Researchers Uncover ‘DNSBomb’ – A New PDoS Attack Exploiting Legitimate DNS Features

Scientists have unveiled the details of a powerful and efficient new technique called the “pulsing denial-of-service” (PDoS) attack, which leverages DNS queries and responses to achieve an attack amplification factor of 20,000 times.

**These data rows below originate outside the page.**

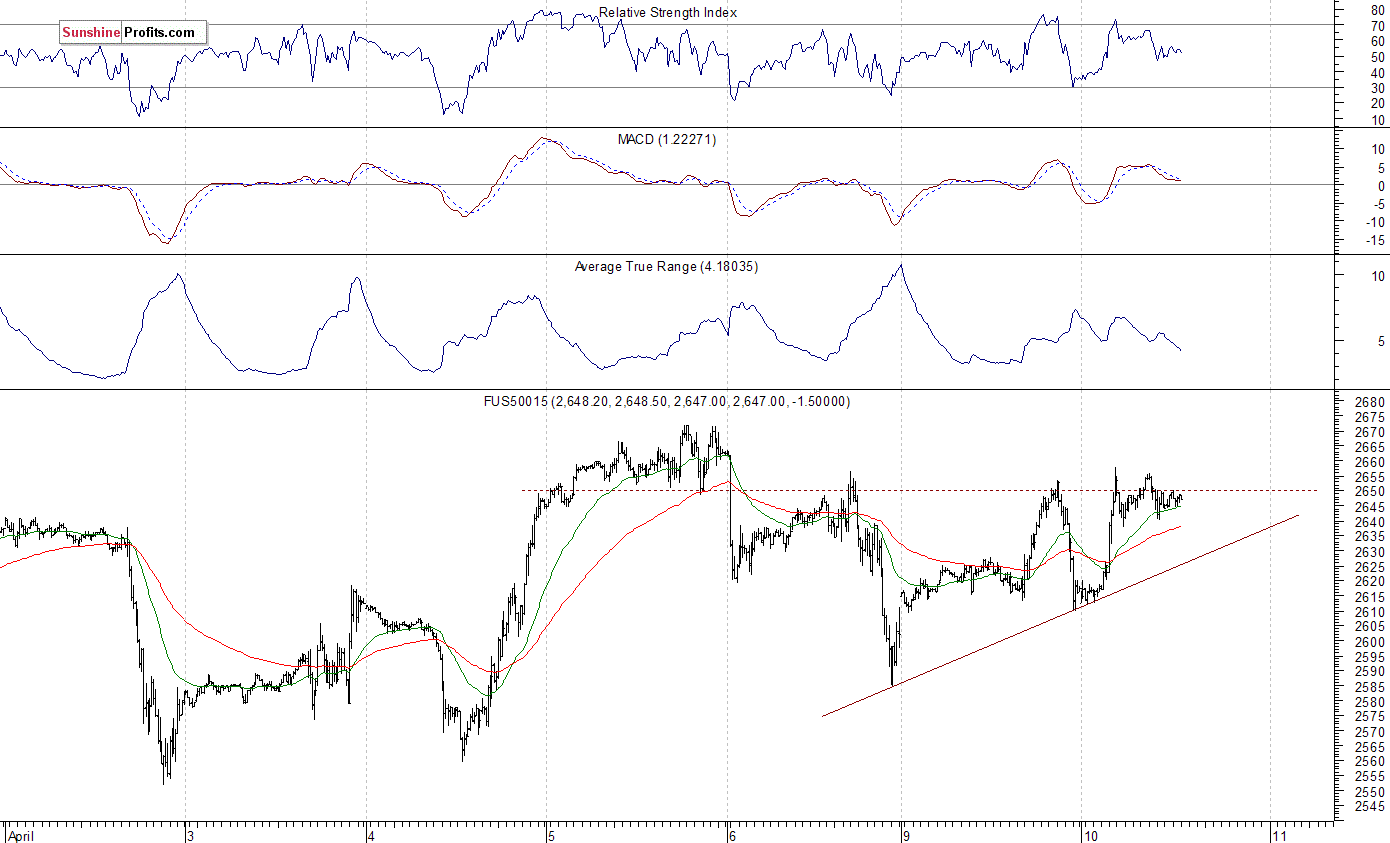 S&P 500 futures contract - S&P 500 index chart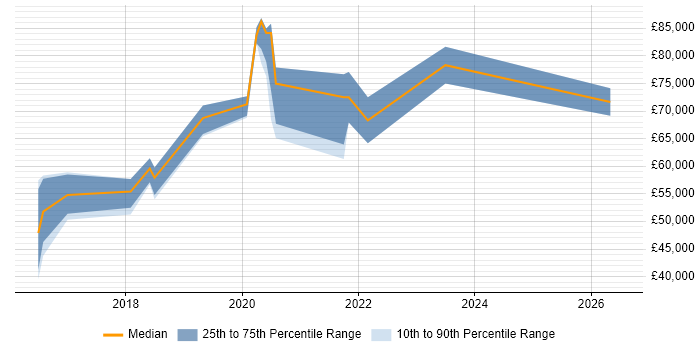 Salary distribution trend for Cloud Security Engineer job vacancies in the Thames Valley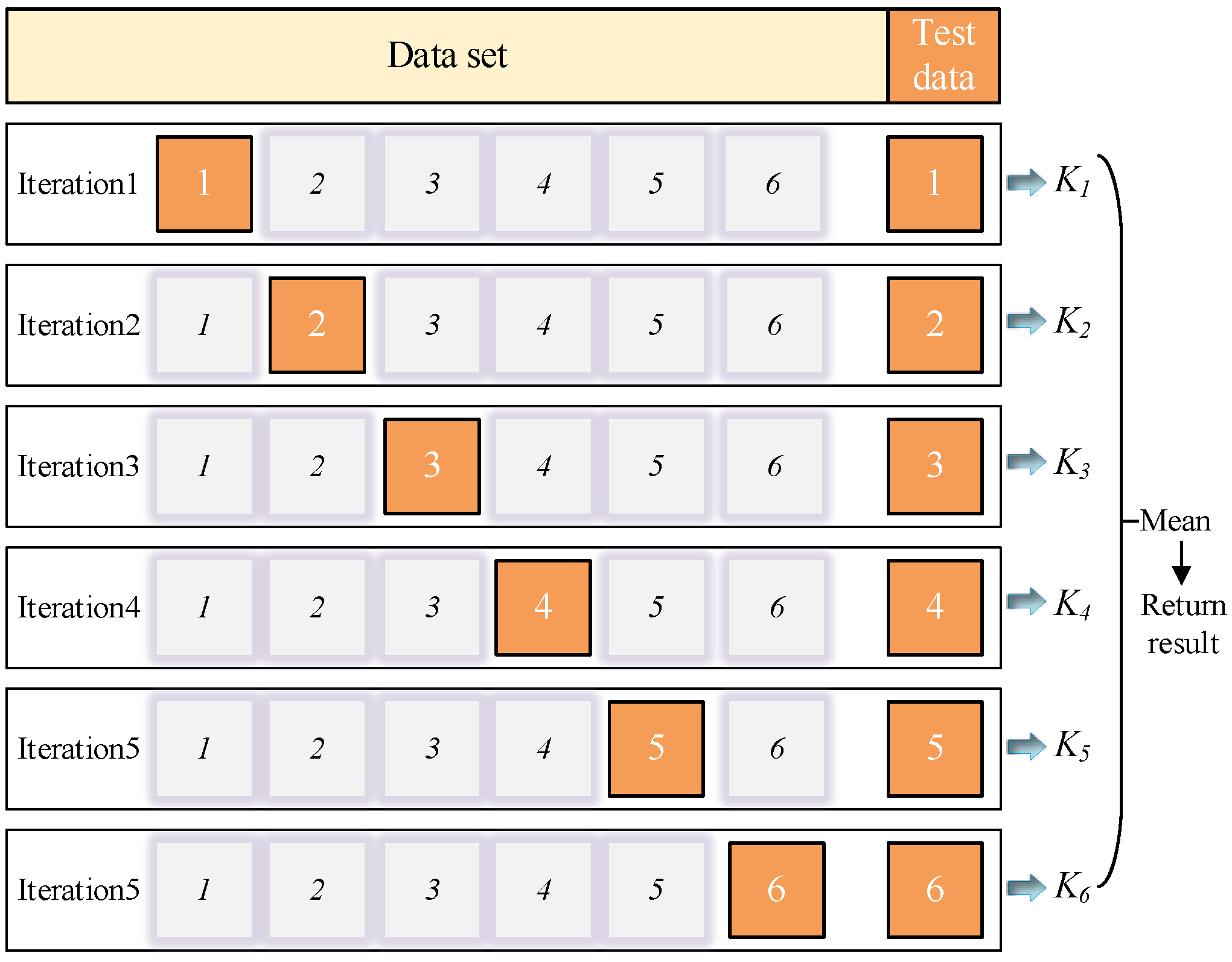 Coatings 13 01060 g008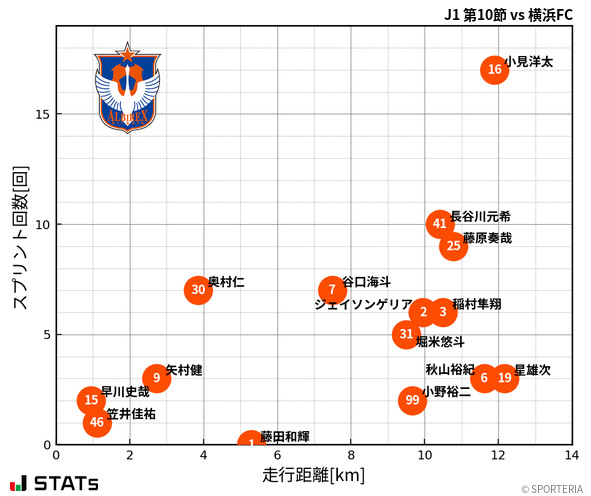 走行距離・スプリント回数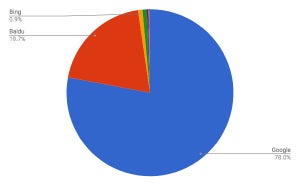 Baiduが躍進中、6月モバイル検索エンジンシェア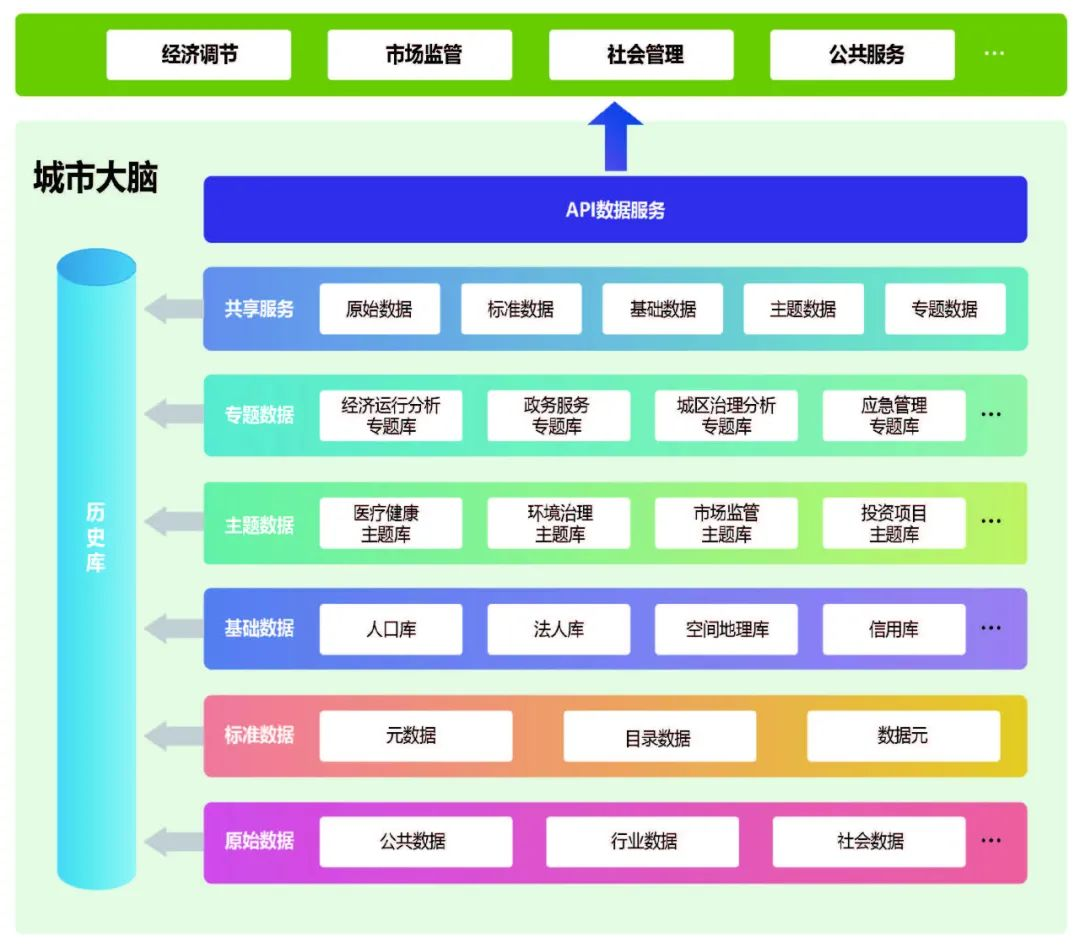 城市大脑4.png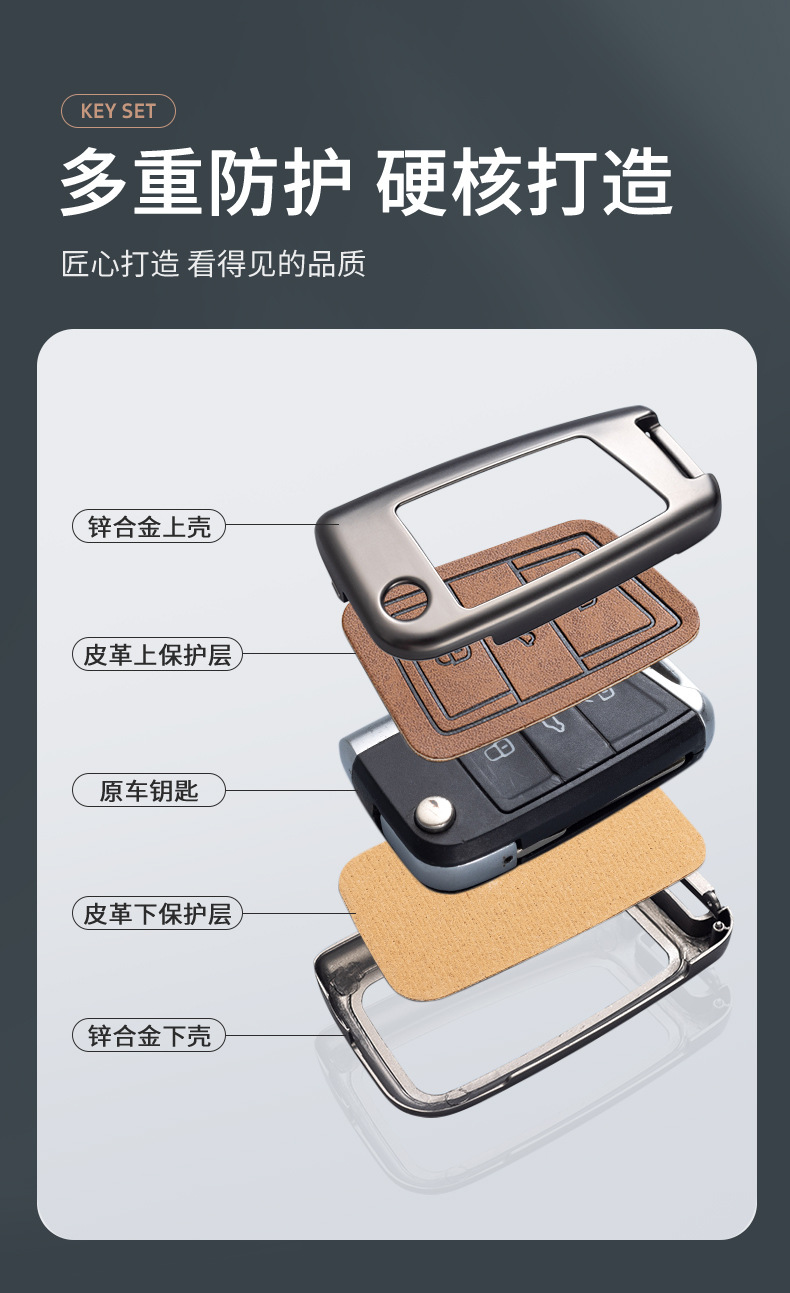 Suitable for Jetta Vs5 Key Cover All-Inclusive Vs7 Volkswagen Jetta Va3 New V Men's and Women's Car Remote Control Key Cover Buckle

The attack, known as DNSBomb (CVE-2024-33655), exploits legitimate DNS features such as query rate limiting, response timeouts, query aggregation, and maximum response size settings. These mechanisms enable the creation of synchronized response streams using a specially designed authoritative server and a vulnerable recursive DNS resolver.

DNSBomb

Mechanism of the DNSBomb Attack

Experts explain that DNSBomb utilizes numerous widely implemented DNS mechanisms to accumulate queries sent at a low rate, increase their size in responses, and concentrate all responses into short, high-volume bursts to simultaneously overwhelm target systems.

Attack Strategy

The attack model involves IP spoofing multiple DNS queries to a domain controlled by the attacker and delaying responses to aggregate numerous replies. The objective of DNSBomb is to overwhelm the victim with periodic bursts of amplified traffic that are difficult to detect.

Presentation of Findings and Protective Measures

The research findings were presented at the 45th IEEE Symposium on Security and Privacy held last week in San Francisco, and previously at GEEKCON 2023 in Shanghai in October 2023.

The Internet Systems Consortium (ISC), which develops and maintains the BIND software suite, stated that their software is not vulnerable to DNSBomb. Additionally, existing mitigation measures are sufficiently effective in minimizing the risks.